The Hyundai Theta is a gasoline four-cylinder automobile engine family. The third all-aluminum engine of Hyundai Motor Company debuted in the fourth-generation Hyundai Sonata sedan (codenamed NF), which was unveiled in August 2004 in South Korea. Hyundai Motor Manufacturing Alabama (HMMA) built a Theta II engine shop on the grounds of their Montgomery, Alabama automobile factory.

==Global Engine Alliance==

The Global Engine Alliance was a joint venture between Chrysler, Mitsubishi Motors, and the Hyundai Motor Company for developing a line of shared four-cylinder engines. Each manufacturer configured their variants of the initial design differently based on their needs. In 2009, Chrysler bought out Mitsubishi and Hyundai's stake in the joint-venture; however, each company retained rights to build the engines.

==Technical details==

===Theta===
The engine features hollow stainless-steel dual overhead camshafts (DOHC) with powder-metal cam lobes, pent-roof combustion chambers and shimless bucket tappets in the cylinder head. BorgWarner Morse TEC supplies the complete timing system which uses the company's proprietary silent timing chains. Continuously variable valve timing (CVVT) works on the intake side.
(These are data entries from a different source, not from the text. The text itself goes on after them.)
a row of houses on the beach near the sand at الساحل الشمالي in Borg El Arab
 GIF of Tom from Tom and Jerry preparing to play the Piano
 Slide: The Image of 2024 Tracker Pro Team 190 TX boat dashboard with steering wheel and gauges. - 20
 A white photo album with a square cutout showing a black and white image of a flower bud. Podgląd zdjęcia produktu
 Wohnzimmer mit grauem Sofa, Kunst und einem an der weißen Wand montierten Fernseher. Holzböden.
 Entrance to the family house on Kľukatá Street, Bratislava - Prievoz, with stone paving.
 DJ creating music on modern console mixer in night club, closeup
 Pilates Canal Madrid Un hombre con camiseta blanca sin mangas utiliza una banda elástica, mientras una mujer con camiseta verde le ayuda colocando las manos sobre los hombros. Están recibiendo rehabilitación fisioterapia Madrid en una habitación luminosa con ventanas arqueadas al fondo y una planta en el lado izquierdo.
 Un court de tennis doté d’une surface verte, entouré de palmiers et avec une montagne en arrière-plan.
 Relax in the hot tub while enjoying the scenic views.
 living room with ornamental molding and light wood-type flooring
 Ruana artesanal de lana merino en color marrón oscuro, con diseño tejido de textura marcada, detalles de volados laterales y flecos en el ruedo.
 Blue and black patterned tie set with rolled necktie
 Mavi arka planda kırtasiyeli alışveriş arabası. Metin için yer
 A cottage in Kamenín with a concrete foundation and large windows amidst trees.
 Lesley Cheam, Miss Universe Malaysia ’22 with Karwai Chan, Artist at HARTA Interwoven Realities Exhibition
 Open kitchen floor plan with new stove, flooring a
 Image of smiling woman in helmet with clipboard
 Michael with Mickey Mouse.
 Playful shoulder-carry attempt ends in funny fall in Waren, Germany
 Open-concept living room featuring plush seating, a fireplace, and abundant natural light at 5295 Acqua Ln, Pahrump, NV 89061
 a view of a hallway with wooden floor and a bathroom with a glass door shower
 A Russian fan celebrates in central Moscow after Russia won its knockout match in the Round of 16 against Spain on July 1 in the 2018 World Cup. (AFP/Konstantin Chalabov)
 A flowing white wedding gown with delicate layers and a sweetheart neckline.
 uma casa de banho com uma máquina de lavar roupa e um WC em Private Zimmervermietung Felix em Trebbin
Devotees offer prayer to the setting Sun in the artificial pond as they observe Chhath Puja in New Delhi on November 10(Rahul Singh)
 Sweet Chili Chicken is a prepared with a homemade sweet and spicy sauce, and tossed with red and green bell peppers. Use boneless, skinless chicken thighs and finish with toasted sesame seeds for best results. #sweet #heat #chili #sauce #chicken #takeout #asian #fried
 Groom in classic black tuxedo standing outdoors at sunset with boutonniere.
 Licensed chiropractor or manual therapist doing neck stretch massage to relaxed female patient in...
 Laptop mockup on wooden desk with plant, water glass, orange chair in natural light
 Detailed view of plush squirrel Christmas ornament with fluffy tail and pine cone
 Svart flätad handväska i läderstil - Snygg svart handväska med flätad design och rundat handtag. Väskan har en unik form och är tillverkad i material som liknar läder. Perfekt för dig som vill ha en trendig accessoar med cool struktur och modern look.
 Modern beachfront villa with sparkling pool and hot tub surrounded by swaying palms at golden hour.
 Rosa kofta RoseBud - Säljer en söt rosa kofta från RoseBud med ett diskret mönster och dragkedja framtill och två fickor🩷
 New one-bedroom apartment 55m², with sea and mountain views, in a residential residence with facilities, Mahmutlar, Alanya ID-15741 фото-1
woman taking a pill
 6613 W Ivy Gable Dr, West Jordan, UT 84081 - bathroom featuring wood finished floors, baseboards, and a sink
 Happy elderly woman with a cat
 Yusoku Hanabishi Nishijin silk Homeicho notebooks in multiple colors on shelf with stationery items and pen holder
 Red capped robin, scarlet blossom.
The aluminum alloy engine block, which is formed using a high-pressure die-cast method, has a unique Metaldyne-supplied cassette-type balance shaft module with a two-stage oil pump built-in. In the lower-end, the block is reinforced by a ladder frame. Other notable features include fracture-split sinter-forged connecting rods manufactured by Sinteron and a stainless-steel exhaust manifold.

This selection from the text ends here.